= Assignor estoppel =

The doctrine of assignor estoppel is a doctrine of United States patent law barring a patent's seller (assignor) from attacking the patent's validity in subsequent patent infringement litigation. The doctrine is based on the doctrine of legal estoppel, which prohibits a grantor (typically, of real property) from challenging the validity of his/her/its grant.

In Diamond Scientific Co. v. Ambico, Inc., the United States Court of Appeals for the Federal Circuit distinguished the policies applicable to assignor estoppel from those applicable to licensee estoppel. It therefore held that the doctrine of Lear, Inc. v. Adkins, which applies to licenses and holds that public policy requires that licensees not be muzzled from challenging the validity of possibly spurious patents, does not apply to assignments.

The UK counterpart to this doctrine is the doctrine of non-derogation from grants. Under this doctrine, as explained in British Leyland Motor Corp. v. Armstrong Patents Co., a seller of realty or goods is not permitted to take any action (such as bringing an infringement action) that will lessen the value to the buyer of the thing sold. Thus, the owner of copyright in the tailpipe of a motor car, having sold the motor car, may not then bring a copyright infringement action to prevent the aftermarket sale of replacement tailpipes to purchasers of those motor cars.
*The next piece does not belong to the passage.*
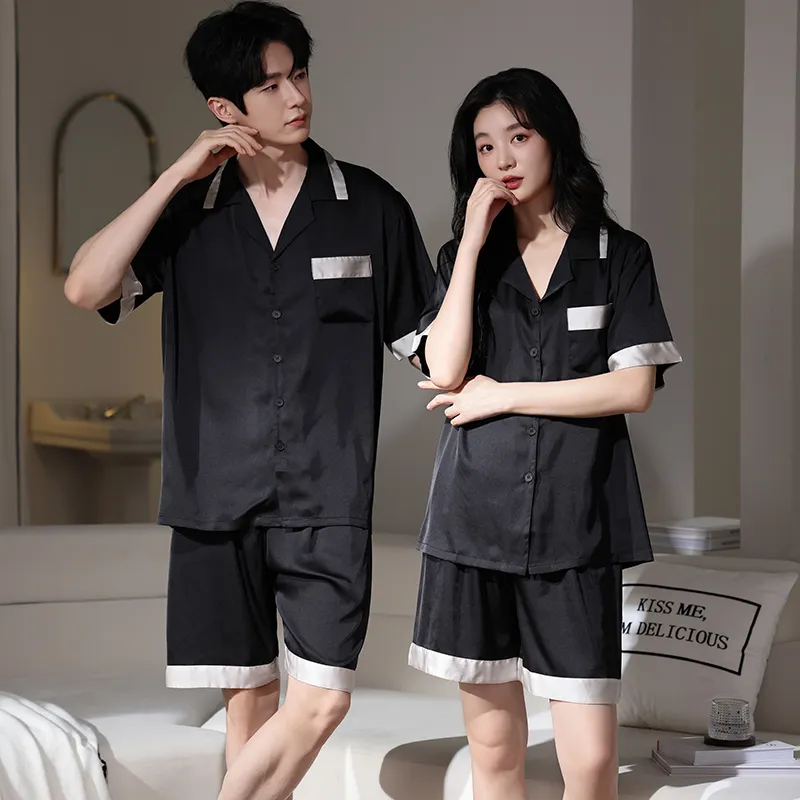 WANANNI Pajama Set Unisex Black-2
The application of the UK doctrine outside real estate law has been limited subsequently to Leyland, however, to consumer protection contexts.

== Examples ==

- For example, if Tom sold his U.S. patent rights to Jerry, and was sued by Jerry over infringement of that patent later, Tom is not allowed to challenge the patent's validity because he was the inventor.

 "Doctrine of assignor estoppel prevents unfairness and injustice of permitting party to sell patent rights and later assert that what he sold is worthless."

- This doctrine extends to those in "privity" with the assignor. If Tom becomes another company's largest shareholder, and that company is sued by Jerry over patent infringement, that company could very likely be barred from raising patent validity as a defense even if Tom was not personally involved in the infringing process.

== Case law ==
- Westinghouse Elec. & Mfg. Co. v. Formica Insulation Co., 266 U.S. 342, 45 S.Ct. 117 (1924).
- Diamond Scientific Co. v. Ambico, Inc., 848 F.2d 1220 (Fed. Cir. 1988), in some circumstances, equity may outweigh the estoppel doctrine.
- Mentor Graphics Corp. v. Quickturn Design Sys., Inc., 150 F.3d 1374, 1377-79 (Fed. Cir. 1998) ("Without exceptional circumstances...one who assigns a patent surrenders with that assignment the right to later challenge the validity of the assigned patent").
- Shamrock Technologies, Inc. v. Med. Sterilization, Inc., 903 F.2d 789, 793 (Fed. Cir. 1990) (Holding that assignor estoppel extends to parties in privity with the assignor).
- Minerva Surgical, Inc. v. Hologic, Inc. 594. U.S. ___ (2021) re-affirms the principle of assignor estoppel as long as the assignor contradicts "explicit or implicit representations he made in assigning the patent."